Mark opened the first door with the copied key, then he got down at once on his knees, taking out his little video camera, trying to put the attachment on quickly and fumbling instead. Sara stood behind him, looking back down the corridor, jumping and twitching as unseen images and sounds assailed her. At last, he fitted the attachment, turned on the camera and slid it under the door. Despite Sara’s certainty that there was something dark and dangerous behind the door, despite his own pounding heart, he was sure that he was going to see another empty room, just floor and walls hiding nothing, holding nothing in, holding no one prisoner. But, still, his heart told another tale. With Sara, you never knew. And, if she was right, then Heat, with all his nice manners and gentle wa
ys, wasn’t just someone to be despised. If she was right, he was a serial murderer.
If looks could kill. And perhaps his did.
There was a moment while the camera adjusted, then the display screen brightened. Sara bent down and rested her chin on Mark’s shoulder to get a better look.
The flexible lens had gone under the door, but at an angle; it illuminated a view along the skirting boards, but, even so, they could see at once that this room was far bigger than any of the others they had looked in. Mark fiddled about with the lens. It twisted, flicking up and down on the floor and casting quick glances at the rest of the room. He caught a glimpse of machinery, digital displays and lit-up dials. Metal, an object of some sort, something on wheels. Machinery. Then the view stabilised.
There was a drip standing next to a bed in a corner – that was what was on wheels. The machines were medical monitors. Sara let out a little groan.
‘So, it’s true,’ she whispered. Mark twisted round to look up at her. True? Did this prove her theories? In a flash he suddenly believed that it was true, that this was the place where Kaye stole the faces off the girls who had been here before them, before he murdered them quietly and medically in their beds and disposed of their bodies God knows how. But in the next second he realised that this room proved nothing of the kind. He had seen no bodies, no evidence of foul play. Everyone knew that Heat had an operating theatre in the house. This must be it.

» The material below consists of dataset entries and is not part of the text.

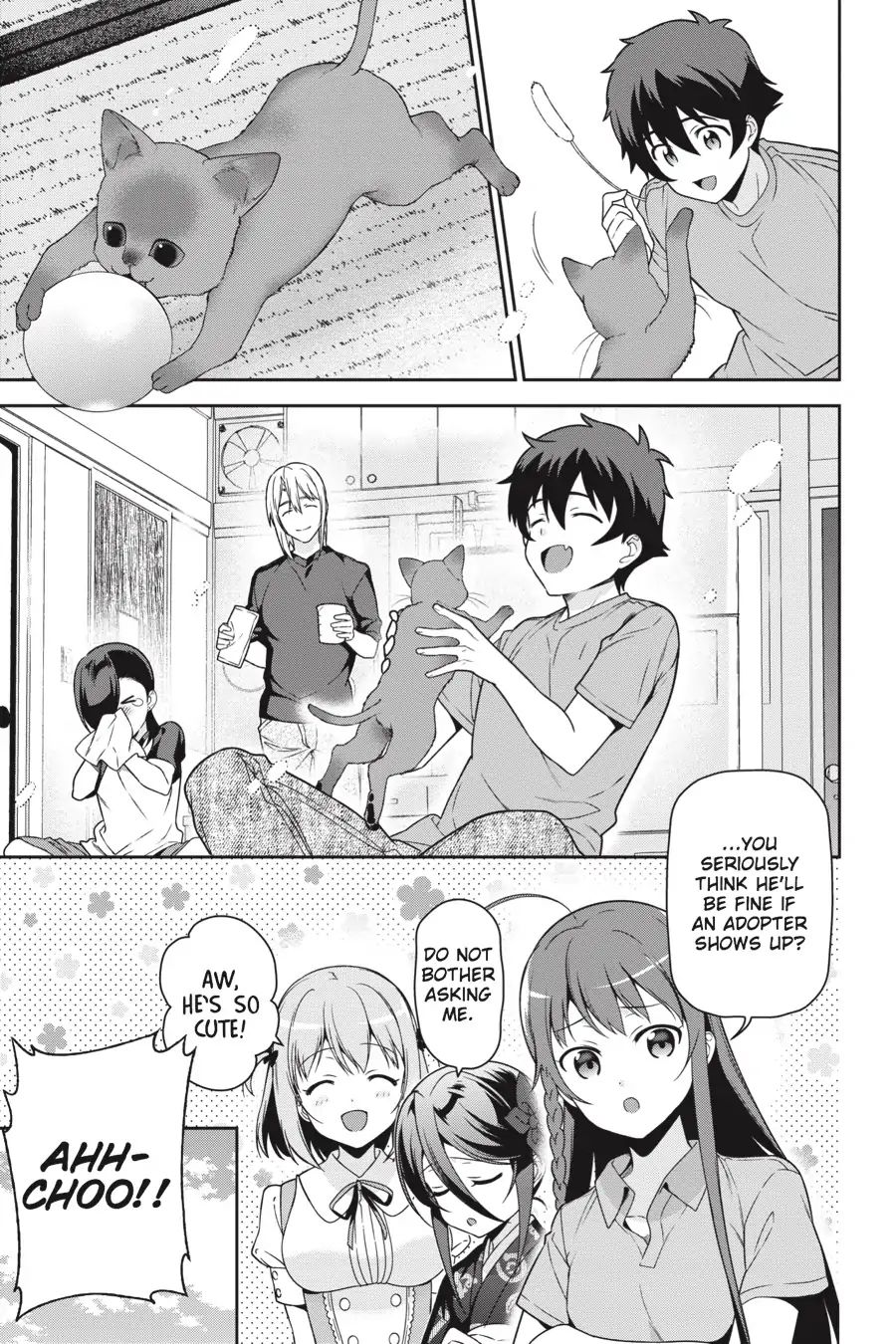 Read Hataraku Maou-Sama! chapter 64 image 16 on Lezhin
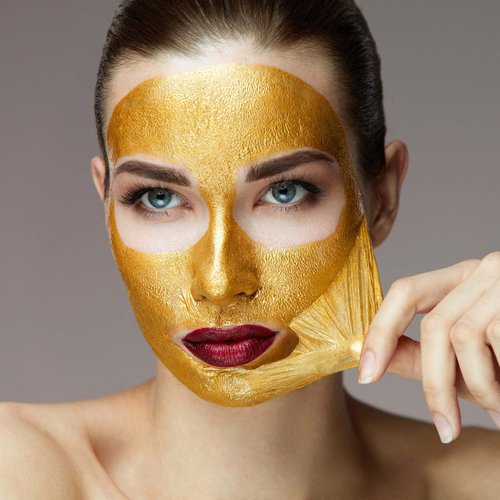 Earth Therapeutics Rejuvenating Gold Peel-Off Mask - 5 Pack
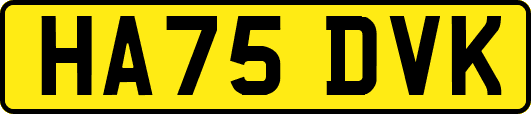 HA75DVK
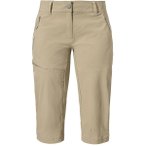 SCHÖFFEL Damen Hose kurz Pants Caracas2, Größe 48 in Braun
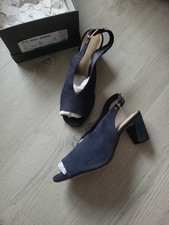 Scarpe Hobbs slingback navy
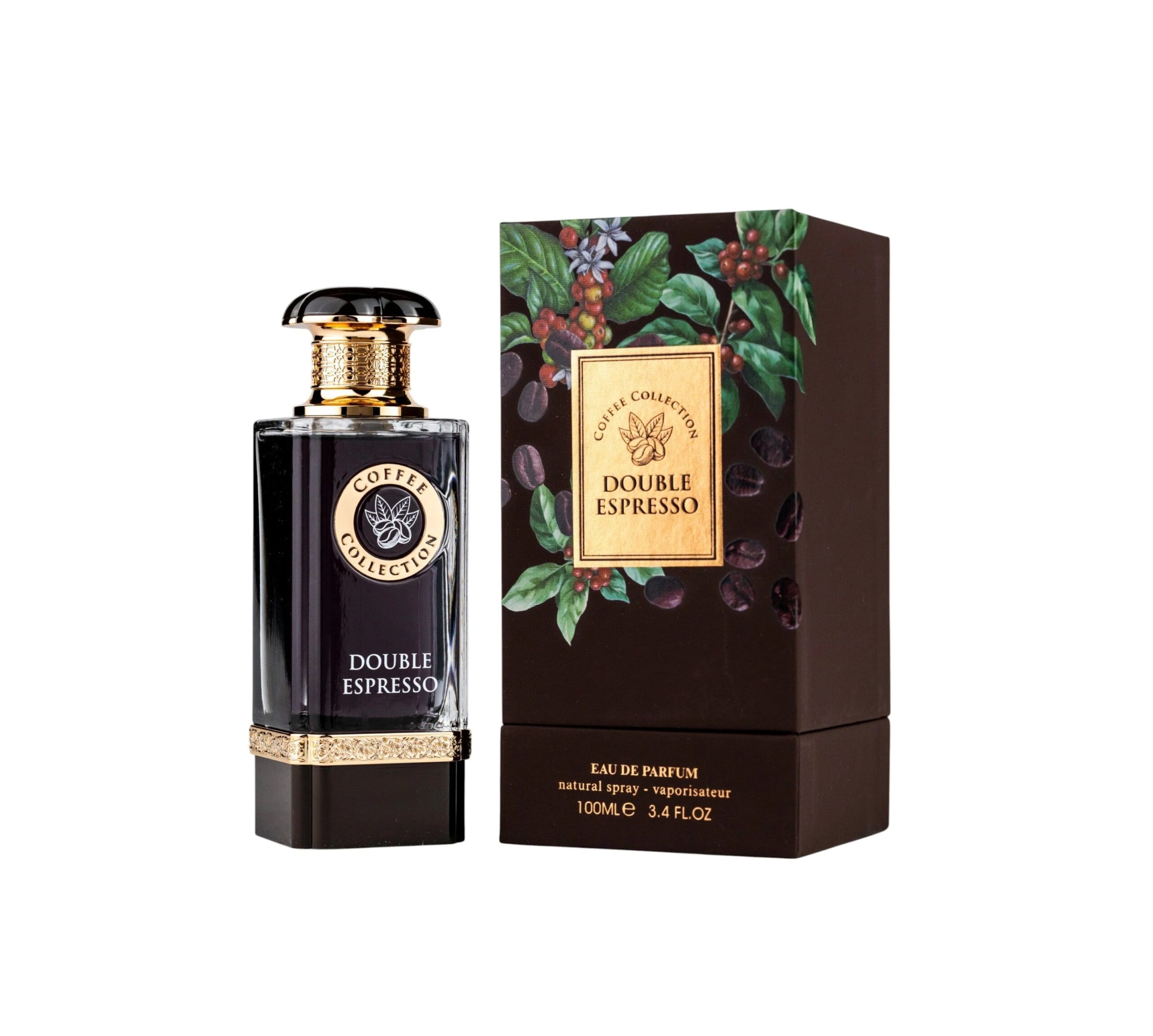 Fragrance World Double Espresso EDP 100 мл – Гурме аромат с бензоин - Image 4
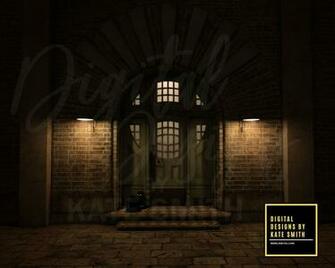 The Old Asylum Digital Background Backdrop High Resolution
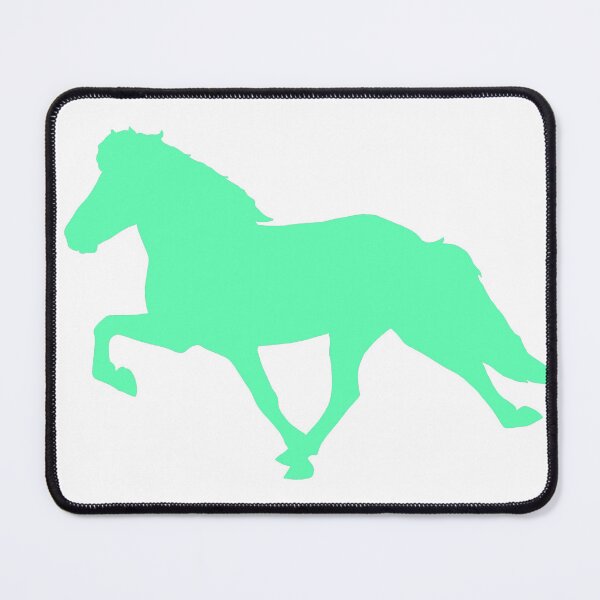 Aperçu de l'œuvre Cheval islandais tolt Silhouette créée et vendue par Eymirart.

But it felt bad. Were the bodies of dead, faceless girls and boys heaped up somewhere just out of sight?
‘It’s the operating theatre,’ he said, and Sara gave him an odd, disbelieving glance that he simply could not interpret. Frantically he began twisting the lens this way and that, trying to find more – something that would finally disprove or prove for certain Sara’s suspicions. Then, two things happened. From the corridor behind them came the sound of feet on the tiles; a group of people was approaching. Mark and Sara both squealed with surprise and stood up. At the same second a light was turned on in the room behind them; they could see the line of it under the door, lighting up the floor and their own feet. Someone was inside.